Minn. Stat. § 480 A. 08, subd. 3 (1996).

 STATE OF MINNESOTA

 IN COURT OF APPEALS

 C6-97-1159

 

State of Minnesota,

Respondent,

vs.

Ricky Joseph Farmer,

Appellant.

 Filed March 17, 1998

 Affirmed

 Peterson, Judge

 

Mille Lacs County District Court

File No. K296502

Hubert H. Humphrey III, Attorney General, Nancy J. Bode, Assistant Attorney General, 1400 NCL Tower, 445 Minnesota Street, St. Paul, MN 55101; and

Jennifer Fahey, Mille Lacs County Attorney, Mille Lacs County Courthouse, 635 Second Street Southeast, Milaca, MN 56353 (for respondent)

Mark D. Kelly, 115 First Street Southwest, P.O. Box 163, Milaca, MN 56353 (for appellant)

Considered and decided by Crippen, Presiding Judge, Lansing, Judge, and Peterson, Judge.
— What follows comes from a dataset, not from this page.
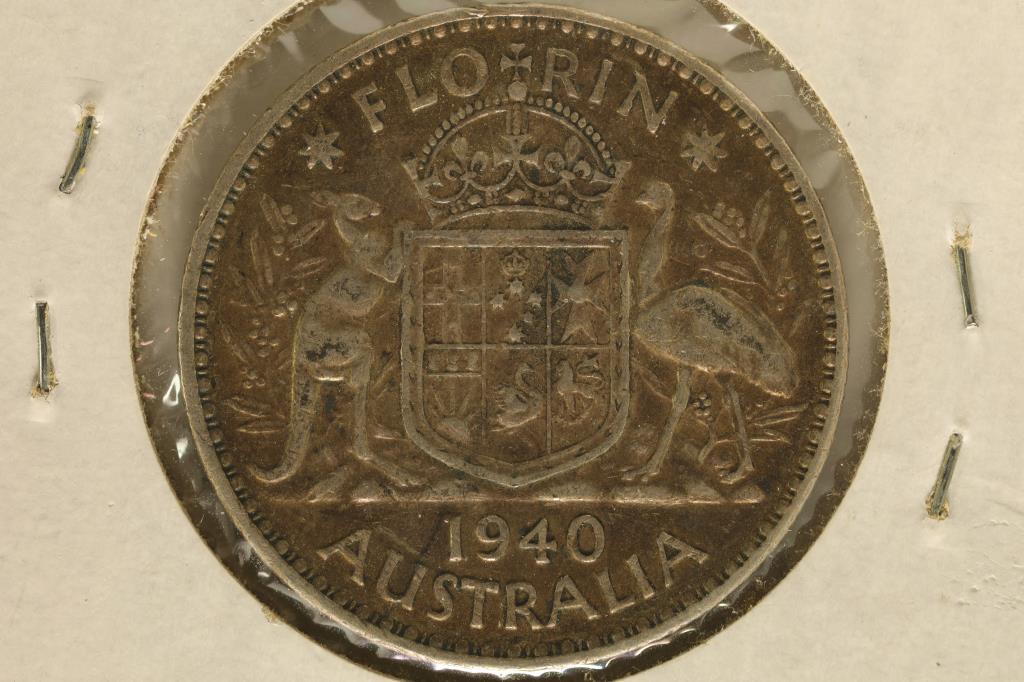 1940 AUSTRALIA SILVER 1 FLORIN .3364 OZ. ASW: WATCH FOR OUR NEXT AUCTION ON (MONDAY JULY 17TH, 2023) AT 7PM EDT. THANKS FOR YOUR BUSINESS.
 U N P U B L I S H E D O P I N I O N

 

 PETERSON, Judge

In this appeal from a conviction for gross misdemeanor driving under the influence of alcohol (DWI), appellant argues that the district court erred in denying his motion to suppress the results of a breath test. We affirm.

 FACTS

At about 10:30 p.m., Mille Lacs Tribal Police Officer Gar Pemberton was contacted about a report from the Minnesota State Patrol regarding a vehicle traveling northbound in the southbound lane of Highway 169. About a half-hour later, Pemberton stopped at Grand Casino and spoke to two witnesses who had reported the vehicle traveling in the wrong lane. One of the witnesses identified the vehicle as a white Eagle Premier with a Montana license plate. The vehicle was parked in the casino valet parking lot, but casino personnel were unable to identify the driver. Pemberton asked casino personnel to contact him if the driver claimed the vehicle.
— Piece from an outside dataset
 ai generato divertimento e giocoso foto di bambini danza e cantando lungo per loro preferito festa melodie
At about 1:00 a.m., Pemberton was informed that the vehicle was about to leave the casino. Pemberton drove to the casino and saw the vehicle leave, turning south onto Highway 169. Pemberton followed the vehicle and saw it cross the centerline and the fog line several times. Pemberton also testified that the vehicle repeatedly speeded up and slowed down between 40 and 60 miles per hour.

Pemberton stopped the vehicle and spoke to the driver, appellant Ricky Joseph Farmer. Pemberton testified that he detected a strong odor of an alcoholic beverage, and that Farmer's eyes were bloodshot, watery, and glassy. Pemberton asked Farmer to perform a finger-to-nose field sobriety test, but cerebral palsy prevented Farmer from properly performing the test. Pemberton had Farmer perform the horizontal gaze nystagmus test but did not testify as to the result. Pemberton did not ask Farmer to perform any other field sobriety tests and did not offer Farmer a preliminary breath test.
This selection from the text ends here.